>>>>

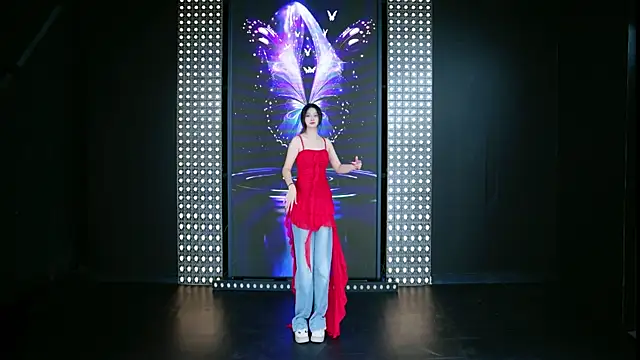 Snapshot of U1-mmm chatting on 10-30-25, 06:59 U1-mmm online show from 10-30-25, 06:59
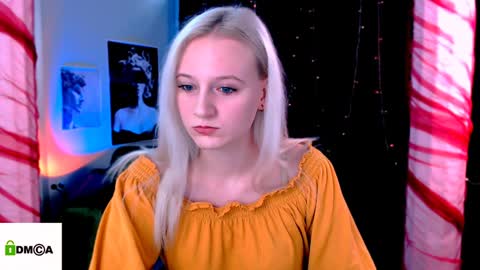 Snapshot of madam_ulis chatting on January 8, 10:37 am Ulis online show from January 8, 10:37 am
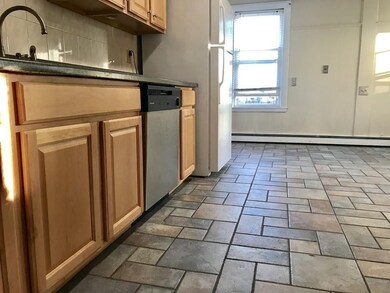 57 Cleverly Ct unit 1/f, Quincy, MA 02169 - photo 6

<<<<

Problem requirements
Write down exactly the lines running from the line with "Snapshot of madam_ulis" through the end of the material, both ends included, and none of the pictures.

Task result
 Snapshot of madam_ulis chatting on January 8, 10:37 am Ulis online show from January 8, 10:37 am
 57 Cleverly Ct unit 1/f, Quincy, MA 02169 - photo 6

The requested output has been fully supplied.